§ **Task instructions**:
Everything from the line holding "Psychédélique Spaceman Trippy" to the end of the listing below should be copied exactly, line for line, minus the pictures.

§ **Information provided**:
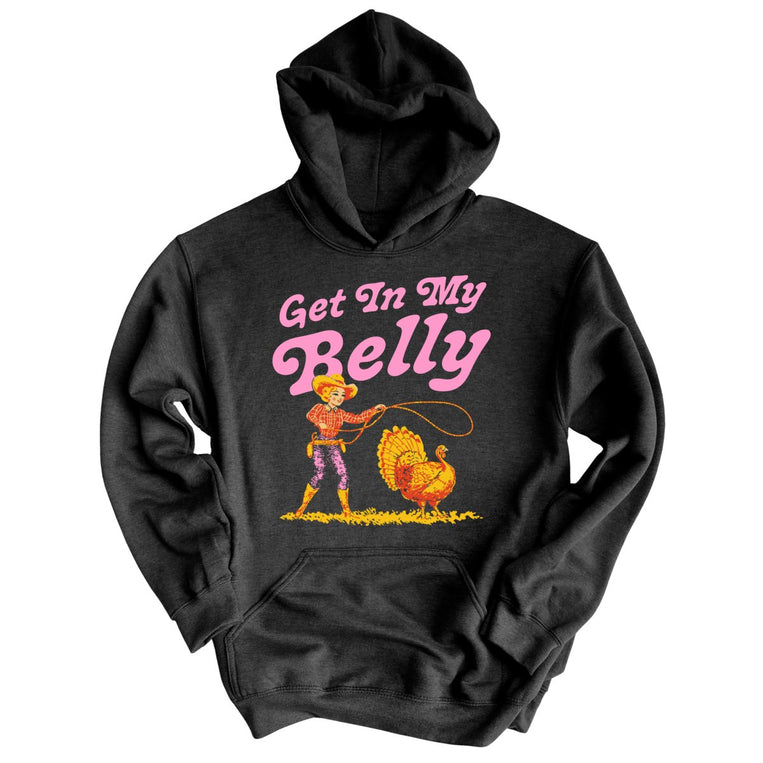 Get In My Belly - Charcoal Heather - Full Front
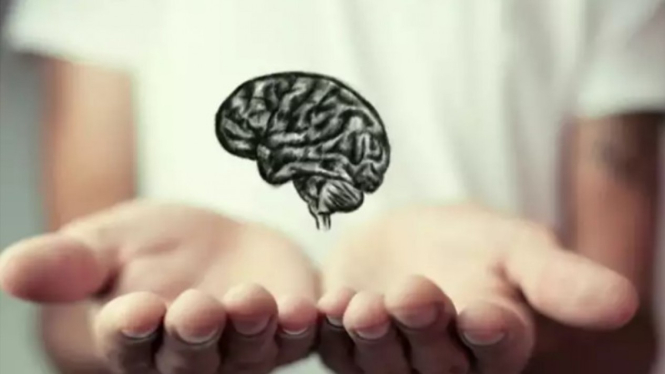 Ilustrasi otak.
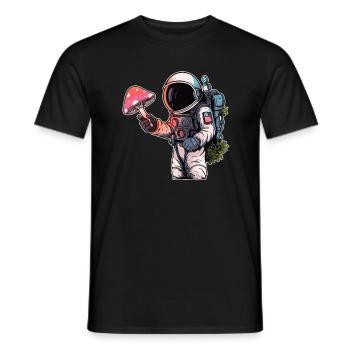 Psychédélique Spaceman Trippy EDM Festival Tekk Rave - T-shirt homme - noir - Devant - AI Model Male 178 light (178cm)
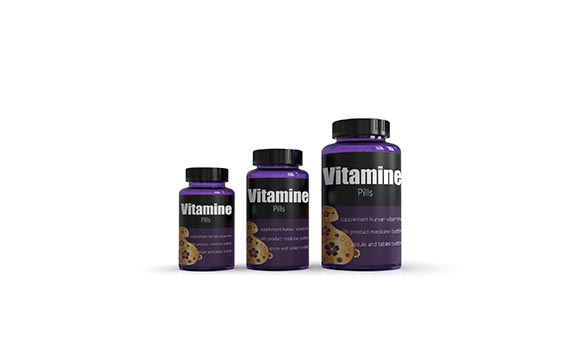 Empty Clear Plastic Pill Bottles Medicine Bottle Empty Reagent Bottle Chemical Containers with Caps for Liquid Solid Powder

§ **Solved problem**:
 Psychédélique Spaceman Trippy EDM Festival Tekk Rave - T-shirt homme - noir - Devant - AI Model Male 178 light (178cm)
 Empty Clear Plastic Pill Bottles Medicine Bottle Empty Reagent Bottle Chemical Containers with Caps for Liquid Solid Powder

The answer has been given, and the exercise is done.